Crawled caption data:
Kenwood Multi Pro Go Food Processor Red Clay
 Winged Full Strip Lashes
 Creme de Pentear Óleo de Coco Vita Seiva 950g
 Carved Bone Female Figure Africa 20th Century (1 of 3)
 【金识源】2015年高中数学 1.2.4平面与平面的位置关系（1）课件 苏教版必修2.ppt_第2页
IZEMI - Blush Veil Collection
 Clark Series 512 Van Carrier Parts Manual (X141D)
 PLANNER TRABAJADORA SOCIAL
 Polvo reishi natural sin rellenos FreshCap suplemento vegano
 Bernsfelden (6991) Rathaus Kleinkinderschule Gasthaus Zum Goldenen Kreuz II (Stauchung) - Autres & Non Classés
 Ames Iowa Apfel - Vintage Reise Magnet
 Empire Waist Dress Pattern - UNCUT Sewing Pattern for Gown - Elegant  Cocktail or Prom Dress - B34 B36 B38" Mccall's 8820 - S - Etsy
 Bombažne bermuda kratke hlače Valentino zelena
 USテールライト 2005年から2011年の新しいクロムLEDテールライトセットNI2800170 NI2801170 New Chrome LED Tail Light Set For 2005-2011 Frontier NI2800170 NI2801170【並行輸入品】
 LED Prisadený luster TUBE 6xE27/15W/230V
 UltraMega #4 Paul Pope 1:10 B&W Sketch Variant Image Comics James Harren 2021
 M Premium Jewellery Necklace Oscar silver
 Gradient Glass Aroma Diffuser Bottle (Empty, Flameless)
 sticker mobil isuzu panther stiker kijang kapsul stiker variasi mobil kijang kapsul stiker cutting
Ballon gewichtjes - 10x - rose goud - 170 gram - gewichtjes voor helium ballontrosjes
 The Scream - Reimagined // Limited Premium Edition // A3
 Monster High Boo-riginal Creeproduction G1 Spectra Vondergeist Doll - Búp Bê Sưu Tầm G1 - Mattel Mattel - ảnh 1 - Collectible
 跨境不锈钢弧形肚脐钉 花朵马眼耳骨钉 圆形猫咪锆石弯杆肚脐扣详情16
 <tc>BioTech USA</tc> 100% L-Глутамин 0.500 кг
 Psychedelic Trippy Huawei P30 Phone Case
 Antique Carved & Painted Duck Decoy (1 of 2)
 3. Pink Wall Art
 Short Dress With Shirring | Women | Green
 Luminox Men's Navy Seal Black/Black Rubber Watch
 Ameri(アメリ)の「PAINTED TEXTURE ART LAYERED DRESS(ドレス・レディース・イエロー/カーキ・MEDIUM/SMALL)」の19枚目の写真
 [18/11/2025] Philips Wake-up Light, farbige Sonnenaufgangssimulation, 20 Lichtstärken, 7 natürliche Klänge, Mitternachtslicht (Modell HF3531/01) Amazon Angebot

__Problem to solve__
Scan the records above. Return every line with "Premium" in it.

__Exercise output__
 M Premium Jewellery Necklace Oscar silver
 The Scream - Reimagined // Limited Premium Edition // A3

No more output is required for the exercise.